Source information ▸

□ □ □ □ □

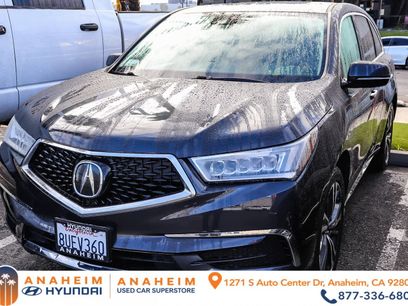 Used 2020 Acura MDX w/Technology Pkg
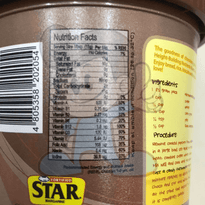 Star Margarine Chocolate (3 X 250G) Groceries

□ □ □ □ □

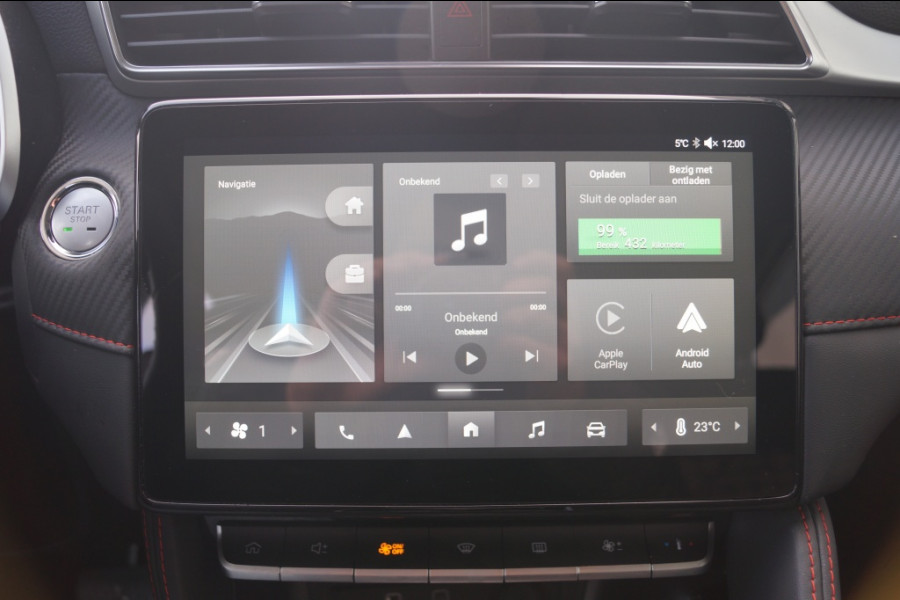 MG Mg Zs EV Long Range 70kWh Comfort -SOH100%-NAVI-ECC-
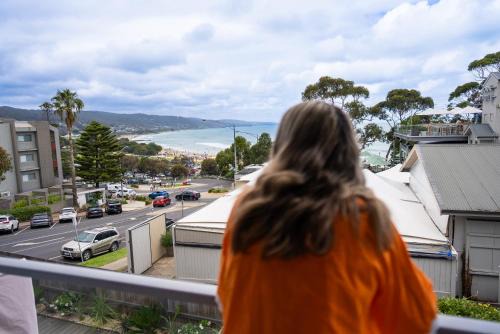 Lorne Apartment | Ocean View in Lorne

□ □ □ □ □

Action item ▸
In the listing above, find the line with "Used 2020 Acura MDX w/Technology Pkg" and output it and every line after it up to and including the line with "Star Margarine Chocolate", exactly, minus the pictures.

Result of the task ▸
 Used 2020 Acura MDX w/Technology Pkg
 Star Margarine Chocolate (3 X 250G) Groceries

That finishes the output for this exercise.